*** Opening Supplied material ***

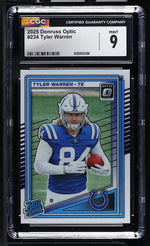2025 Donruss Optic Tyler Warren #234 Rated Rookie CGC 9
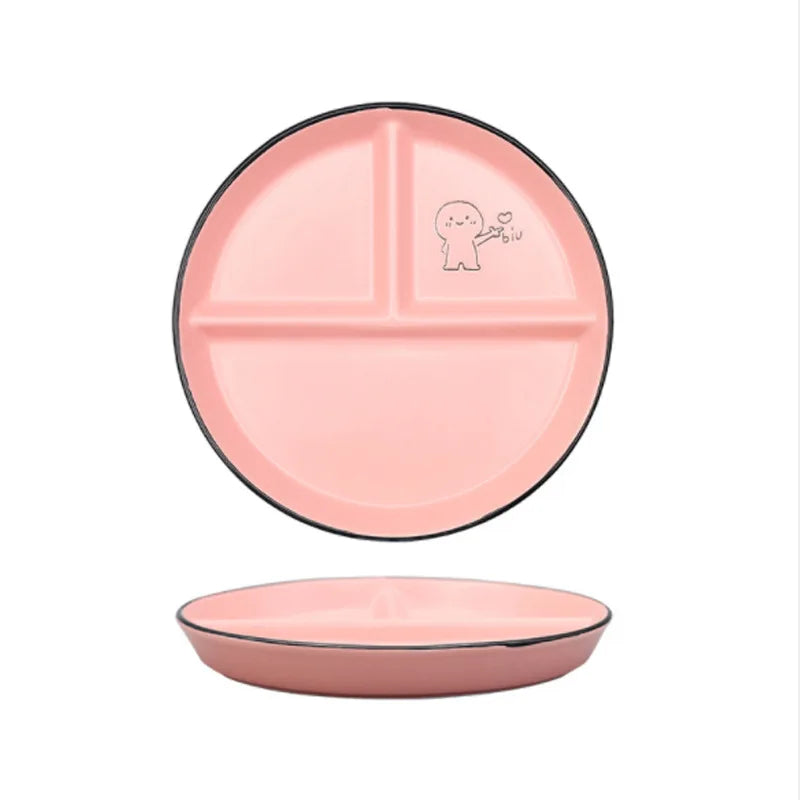 Children'S Disc Divided Meal Ceramic Plate Student Dividing Fat Reducing Three Compartment Household Dinner Plates and Dishes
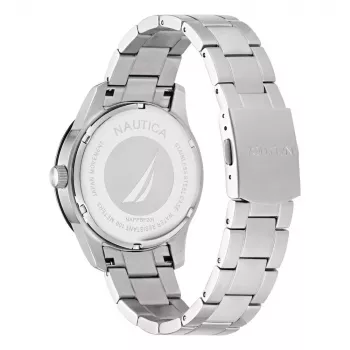 NAUTICA Vyriškas laikrodis NAPPBF201 Kvarcinis Analoginis su Mėlynu Ciferblatu ir Mėlynu Silikoniniu Dirželiu, 42mm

*** Closing Supplied material ***

### Exercise instructions
Once the pictures are set aside, please reproduce the remaining material word for word.

### Worked solution
2025 Donruss Optic Tyler Warren #234 Rated Rookie CGC 9
 Children'S Disc Divided Meal Ceramic Plate Student Dividing Fat Reducing Three Compartment Household Dinner Plates and Dishes
 NAUTICA Vyriškas laikrodis NAPPBF201 Kvarcinis Analoginis su Mėlynu Ciferblatu ir Mėlynu Silikoniniu Dirželiu, 42mm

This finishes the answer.